== TASK STATEMENT ==
Repeat the listing exactly. The images do not belong in the copy.

== DATASET CONTENT ==
>>>>>

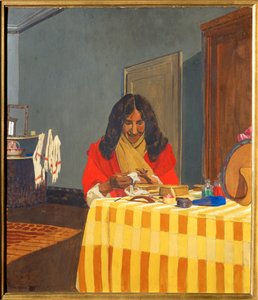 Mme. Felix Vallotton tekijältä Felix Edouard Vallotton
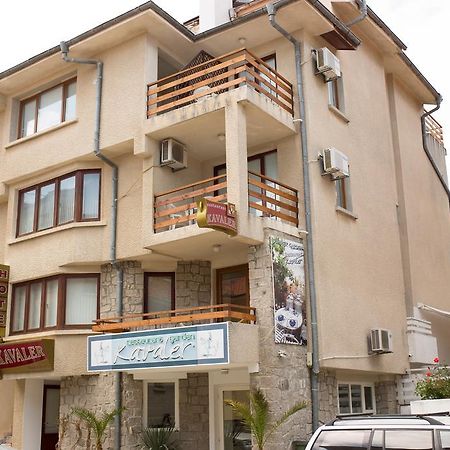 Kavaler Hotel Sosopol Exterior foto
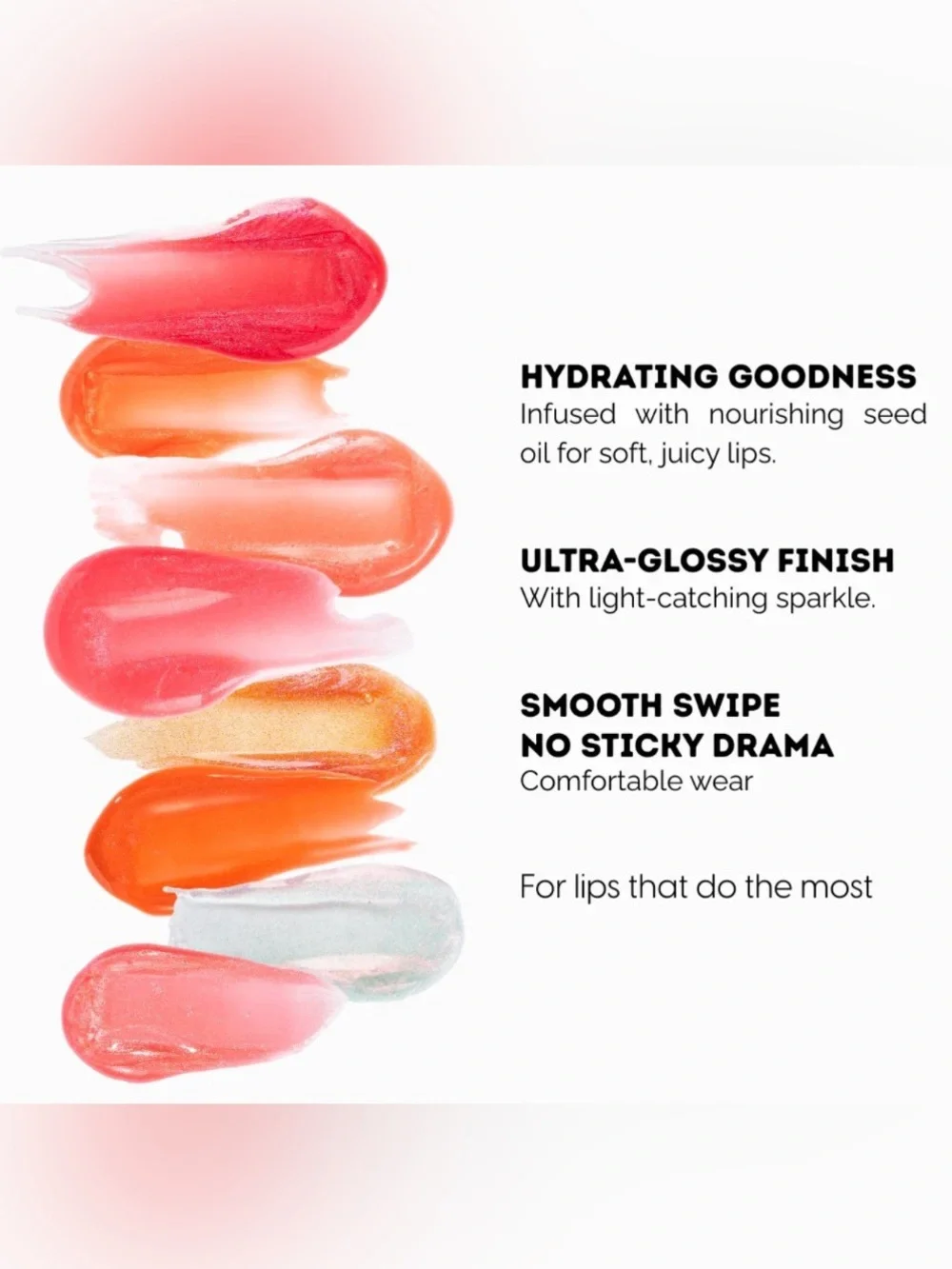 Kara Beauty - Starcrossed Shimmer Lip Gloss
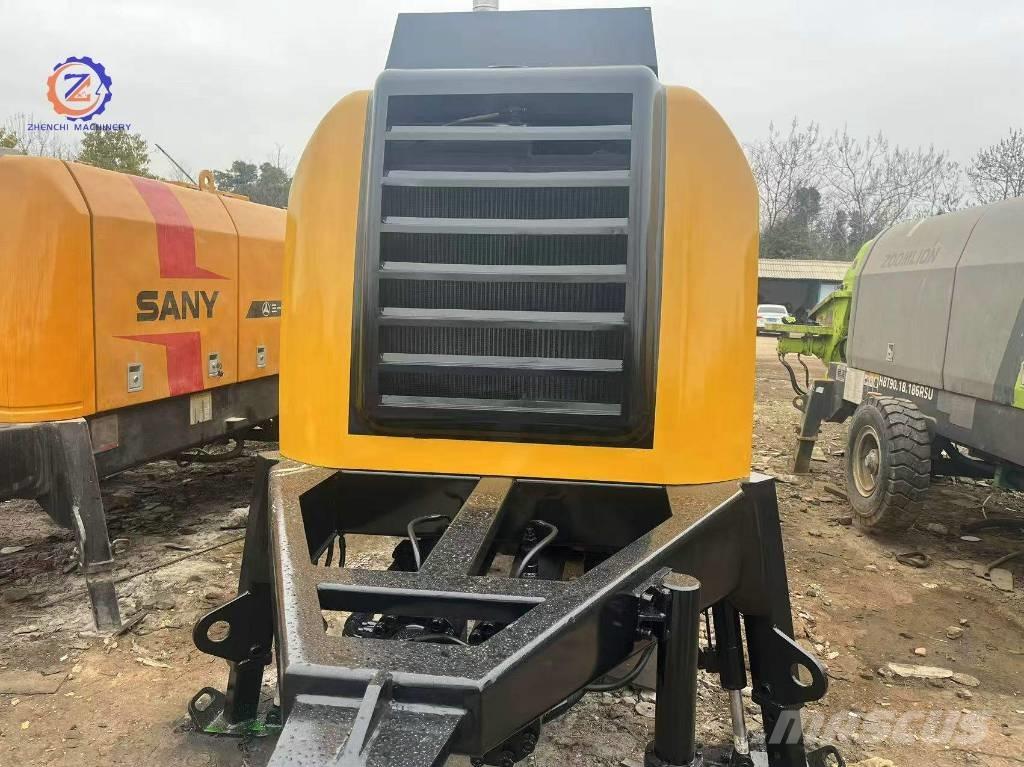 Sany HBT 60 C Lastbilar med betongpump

<<<<<

== ANSWER TO THIS PROBLEM ==
 Mme. Felix Vallotton tekijältä Felix Edouard Vallotton
 Kavaler Hotel Sosopol Exterior foto
 Kara Beauty - Starcrossed Shimmer Lip Gloss
 Sany HBT 60 C Lastbilar med betongpump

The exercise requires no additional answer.